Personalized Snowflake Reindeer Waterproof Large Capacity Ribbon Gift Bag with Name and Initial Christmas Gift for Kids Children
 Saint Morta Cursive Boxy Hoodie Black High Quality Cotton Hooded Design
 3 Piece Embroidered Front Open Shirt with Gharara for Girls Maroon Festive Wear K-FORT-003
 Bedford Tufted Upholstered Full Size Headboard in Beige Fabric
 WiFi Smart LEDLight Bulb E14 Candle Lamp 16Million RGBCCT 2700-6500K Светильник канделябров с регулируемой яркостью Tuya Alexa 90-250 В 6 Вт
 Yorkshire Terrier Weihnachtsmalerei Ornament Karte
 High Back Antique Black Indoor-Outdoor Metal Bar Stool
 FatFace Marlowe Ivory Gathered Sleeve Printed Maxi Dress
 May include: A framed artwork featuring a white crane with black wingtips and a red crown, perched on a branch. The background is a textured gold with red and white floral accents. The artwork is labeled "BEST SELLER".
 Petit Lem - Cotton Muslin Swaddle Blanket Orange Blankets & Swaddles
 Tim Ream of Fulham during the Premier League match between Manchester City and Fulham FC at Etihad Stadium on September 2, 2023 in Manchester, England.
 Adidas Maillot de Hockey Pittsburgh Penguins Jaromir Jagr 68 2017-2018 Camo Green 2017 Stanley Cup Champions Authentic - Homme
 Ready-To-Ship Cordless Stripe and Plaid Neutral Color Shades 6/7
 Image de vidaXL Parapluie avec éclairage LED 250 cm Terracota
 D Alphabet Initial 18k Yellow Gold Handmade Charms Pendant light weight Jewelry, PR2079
::::::::::
#### WORK INSTRUCTION:
Nothing but the lines from the line that contains "Yorkshire Terrier Weihnachtsmalerei" to the last line of the records above should appear in the answer; please copy them exactly.

#### ANSWER BELOW:
 Yorkshire Terrier Weihnachtsmalerei Ornament Karte
 High Back Antique Black Indoor-Outdoor Metal Bar Stool
 FatFace Marlowe Ivory Gathered Sleeve Printed Maxi Dress
 May include: A framed artwork featuring a white crane with black wingtips and a red crown, perched on a branch. The background is a textured gold with red and white floral accents. The artwork is labeled "BEST SELLER".
 Petit Lem - Cotton Muslin Swaddle Blanket Orange Blankets & Swaddles
 Tim Ream of Fulham during the Premier League match between Manchester City and Fulham FC at Etihad Stadium on September 2, 2023 in Manchester, England.
 Adidas Maillot de Hockey Pittsburgh Penguins Jaromir Jagr 68 2017-2018 Camo Green 2017 Stanley Cup Champions Authentic - Homme
 Ready-To-Ship Cordless Stripe and Plaid Neutral Color Shades 6/7
 Image de vidaXL Parapluie avec éclairage LED 250 cm Terracota
 D Alphabet Initial 18k Yellow Gold Handmade Charms Pendant light weight Jewelry, PR2079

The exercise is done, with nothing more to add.